Children’s Author Kouri Richins Hit With New Charges Alleging Earlier Attempt to Kill Her Husband
Kouri Richins looks on during a bail hearing in Park City, Utah on June 12, 2023. (Rick Bowmer/Pool via AP Photo)

SALT LAKE CITY—A Utah woman who authorities say fatally poisoned her husband in 2022, then published a children’s book about grief, now faces another attempted murder charge for allegedly drugging him weeks earlier on Valentine’s Day.

Kouri Richins, 33, is accused of killing her husband with a lethal dose of fentanyl at their home in a small mountain town near Park City in March 2022. New charging documents filed Monday by Summit County prosecutors allege that was not her first attempt on his life.

They detail the perilous months preceding Eric Richins’ death, painting a picture of a paranoid man walking on eggshells around his wife as she made secret financial arrangements and bought illicit drugs that were later found in his system.

Prosecutors have said previously that Ms. Richins, who is being held without bail, may have tried to poison her husband the month before his death, but they did not file the additional charges until this week.

The chilling case of a once-beloved author accused of profiting off her own violent crime has captivated true-crime enthusiasts in the year since she was arrested for her husband’s murder. She had self-published “Are You With Me?”—an illustrated storybook about a father with angel wings watching over his young son after passing away.

Once lauded as a heartwarming must-read for any child who has lost a loved one, the book has since become a powerful tool for prosecutors arguing that Ms. Richins carried out a calculated murder plot and attempted cover-up.

The mother of three repeatedly called her husband’s death unexpected while promoting her book and was commended by many for helping her sons and other young children process the death of a parent.

Her attorney, Skye Lazaro, did not immediately respond to a request for comment on the new charges. Ms. Lazaro has argued in early hearings that the evidence against her client was dubious and circumstantial.

One bite of his favorite sandwich—left with a note in the front seat of his truck on Valentine’s Day—made Richins, 39, break out in hives and black out, prosecutors allege in the new documents.

His wife had bought the sandwich from a local diner in the city of Kamas the same week she also purchased several dozen fentanyl pills, according to witness statements and deleted text messages that were recovered by police.

The state’s star witness, a housekeeper who claims to have sold her the drugs, told law enforcement that she gave Ms. Richins the pills a couple of days before Valentine’s Day. Later that month, Ms. Richins allegedly told the housekeeper that the pills she provided were not strong enough and asked her to procure stronger fentanyl, according to the new charging documents.

In witness testimony, two friends of Richins recount phone conversations from the day prosecutors are now saying he was first poisoned by his wife of nine years.
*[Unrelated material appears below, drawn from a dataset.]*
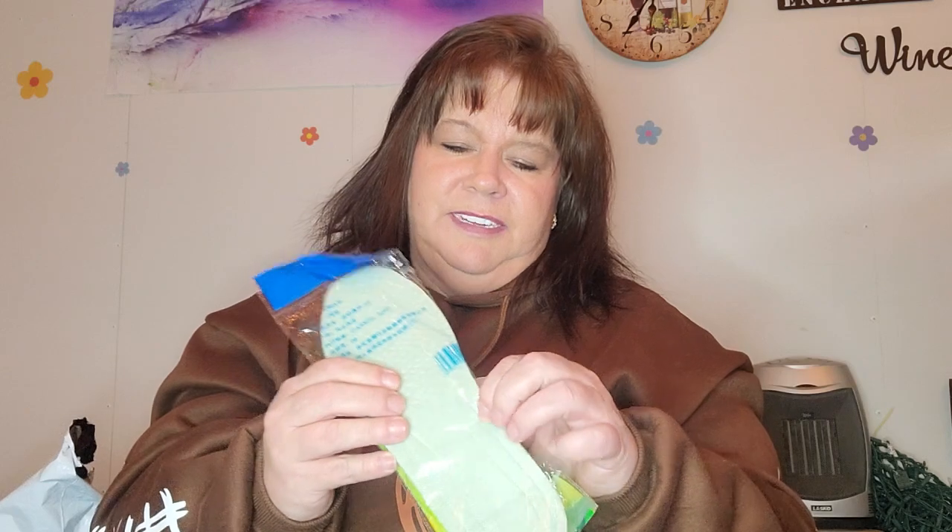More insoles. I got the last ones I got were pink. Color doesn't matter as long as it's inside. These feel a little bit softer because I had to double the other ones up. So these will probably go in my dancing shoes.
After injecting himself with his son’s EpiPen and chugging a bottle of Benadryl, he woke from deep sleep and told a friend, “I think my wife tried to poison me.”

His friends say they noticed the fear in his voice as Richins, who had no known allergies, told them that he felt like he was going to die and that his wife might be to blame. Opioids, including fentanyl, can cause severe allergic reactions, including hives.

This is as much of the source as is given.